**What to work on:** Nothing but the lines below from the one holding "Now we do the" up to and including the one holding "We can verify" should be copied, exactly and without pictures.

*** Opening of Dataset ***

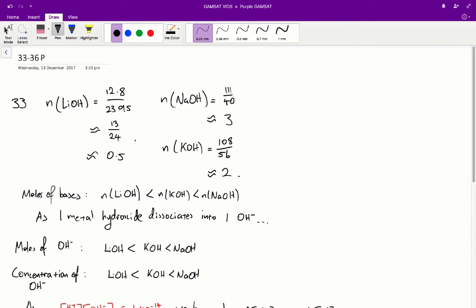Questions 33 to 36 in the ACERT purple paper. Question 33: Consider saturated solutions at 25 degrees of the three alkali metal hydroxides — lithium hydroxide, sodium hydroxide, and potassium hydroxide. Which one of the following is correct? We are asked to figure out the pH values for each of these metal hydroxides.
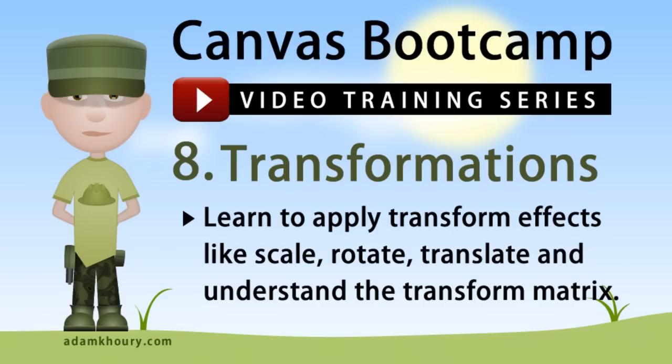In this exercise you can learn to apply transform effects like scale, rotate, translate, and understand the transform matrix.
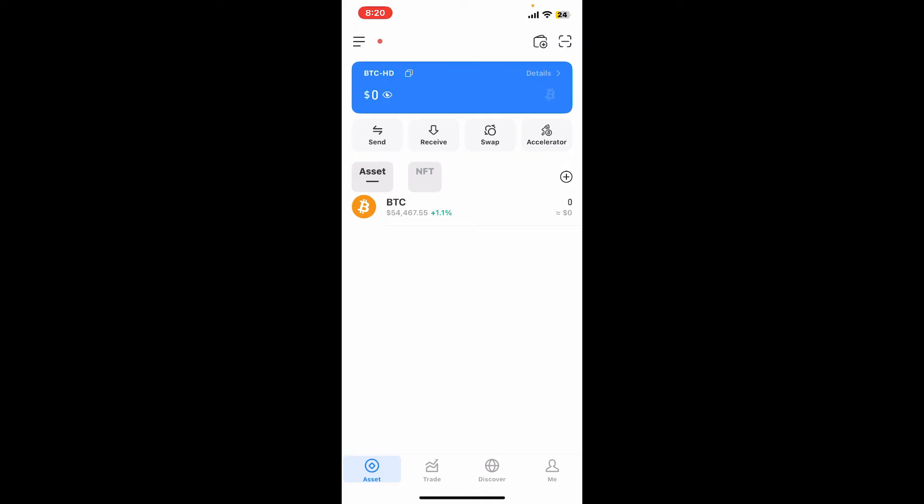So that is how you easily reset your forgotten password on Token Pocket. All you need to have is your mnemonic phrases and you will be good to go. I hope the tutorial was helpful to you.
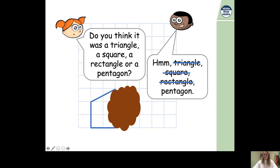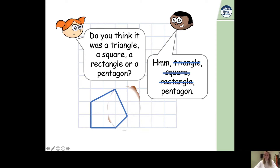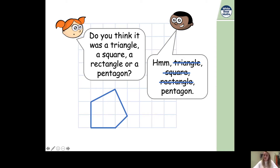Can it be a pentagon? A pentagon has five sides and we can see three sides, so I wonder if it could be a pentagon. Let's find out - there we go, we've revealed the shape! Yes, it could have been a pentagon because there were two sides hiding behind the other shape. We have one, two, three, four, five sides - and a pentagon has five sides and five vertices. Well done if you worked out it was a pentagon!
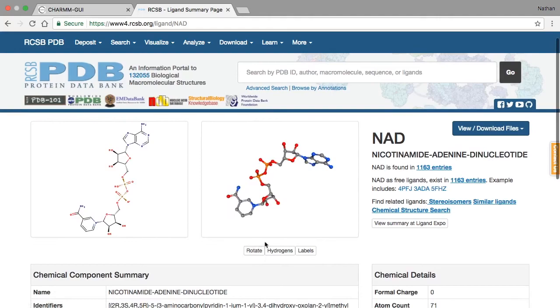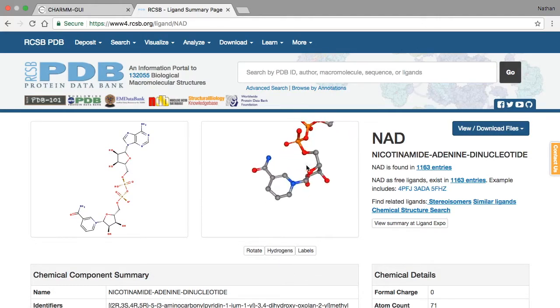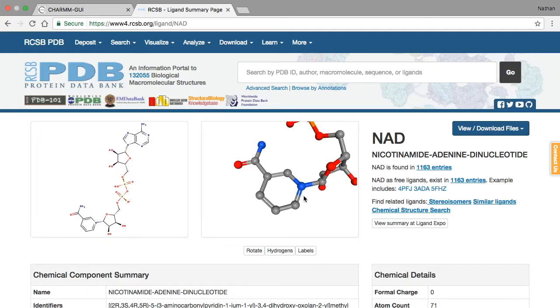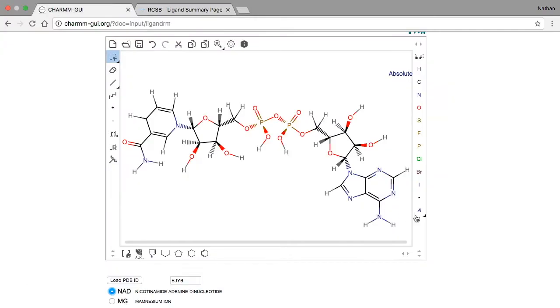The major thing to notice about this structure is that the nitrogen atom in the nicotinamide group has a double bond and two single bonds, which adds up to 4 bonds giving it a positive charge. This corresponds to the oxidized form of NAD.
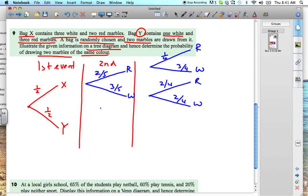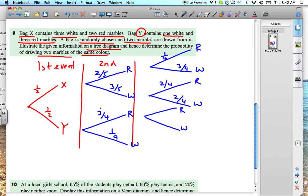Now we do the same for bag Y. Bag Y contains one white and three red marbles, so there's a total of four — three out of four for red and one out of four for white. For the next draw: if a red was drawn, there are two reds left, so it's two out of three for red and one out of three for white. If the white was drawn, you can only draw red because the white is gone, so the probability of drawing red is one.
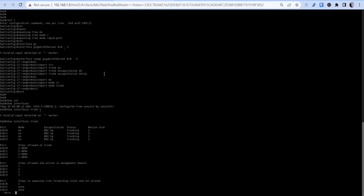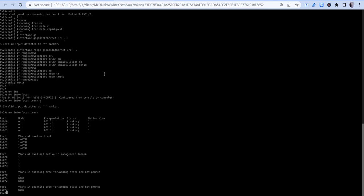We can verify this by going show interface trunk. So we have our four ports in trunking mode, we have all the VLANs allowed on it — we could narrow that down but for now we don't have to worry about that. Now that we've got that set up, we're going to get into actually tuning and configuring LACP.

*** Close of Dataset ***
*** Opening of Dataset ***

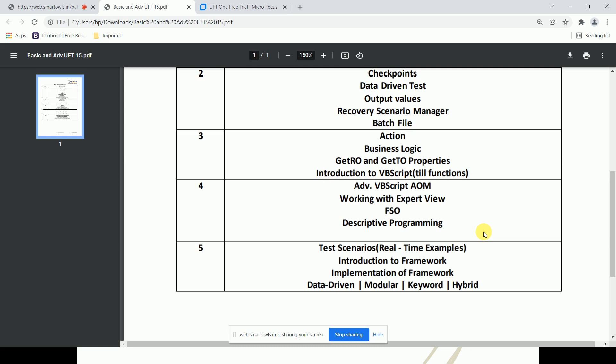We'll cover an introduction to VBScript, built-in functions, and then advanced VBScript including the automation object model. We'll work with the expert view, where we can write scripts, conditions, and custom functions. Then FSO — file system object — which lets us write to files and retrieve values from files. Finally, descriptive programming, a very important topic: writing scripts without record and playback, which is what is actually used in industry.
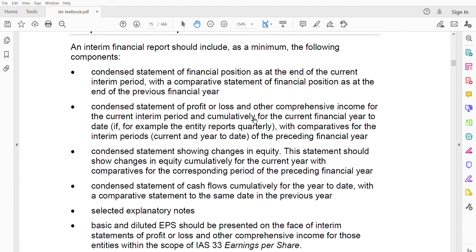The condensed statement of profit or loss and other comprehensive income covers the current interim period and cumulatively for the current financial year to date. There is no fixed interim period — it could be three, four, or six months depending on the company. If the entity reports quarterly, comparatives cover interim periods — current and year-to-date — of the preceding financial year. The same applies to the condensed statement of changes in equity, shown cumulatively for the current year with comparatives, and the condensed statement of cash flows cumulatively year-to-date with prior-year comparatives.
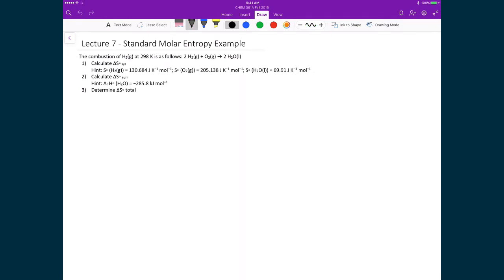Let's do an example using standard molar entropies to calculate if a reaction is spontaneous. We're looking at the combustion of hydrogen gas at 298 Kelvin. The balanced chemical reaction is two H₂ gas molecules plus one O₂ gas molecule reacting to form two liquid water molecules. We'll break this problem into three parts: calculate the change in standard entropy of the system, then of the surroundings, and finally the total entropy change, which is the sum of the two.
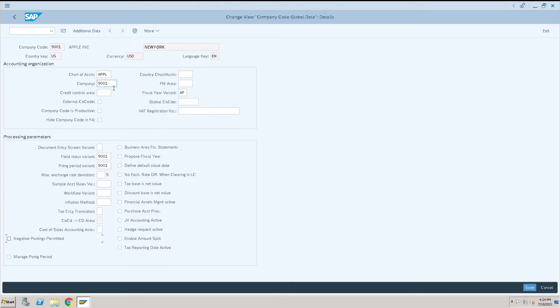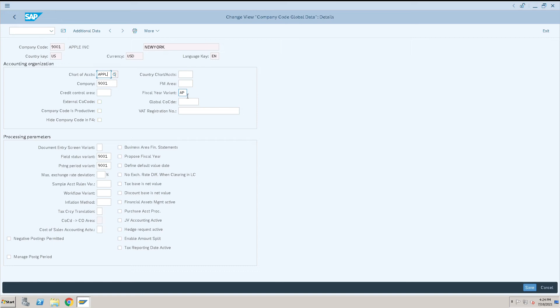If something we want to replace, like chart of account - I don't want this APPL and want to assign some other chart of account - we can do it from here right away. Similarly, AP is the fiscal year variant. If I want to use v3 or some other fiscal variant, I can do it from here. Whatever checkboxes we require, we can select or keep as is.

*** Close of Dataset ***
*** Opening of Dataset ***

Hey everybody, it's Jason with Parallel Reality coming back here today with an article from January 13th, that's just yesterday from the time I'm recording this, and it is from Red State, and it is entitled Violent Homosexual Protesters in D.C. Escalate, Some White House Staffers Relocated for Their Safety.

*** Close of Dataset ***

**Result below:**
Now we do the same for bag Y. Bag Y contains one white and three red marbles, so there's a total of four — three out of four for red and one out of four for white. For the next draw: if a red was drawn, there are two reds left, so it's two out of three for red and one out of three for white. If the white was drawn, you can only draw red because the white is gone, so the probability of drawing red is one.
We can verify this by going show interface trunk. So we have our four ports in trunking mode, we have all the VLANs allowed on it — we could narrow that down but for now we don't have to worry about that. Now that we've got that set up, we're going to get into actually tuning and configuring LACP.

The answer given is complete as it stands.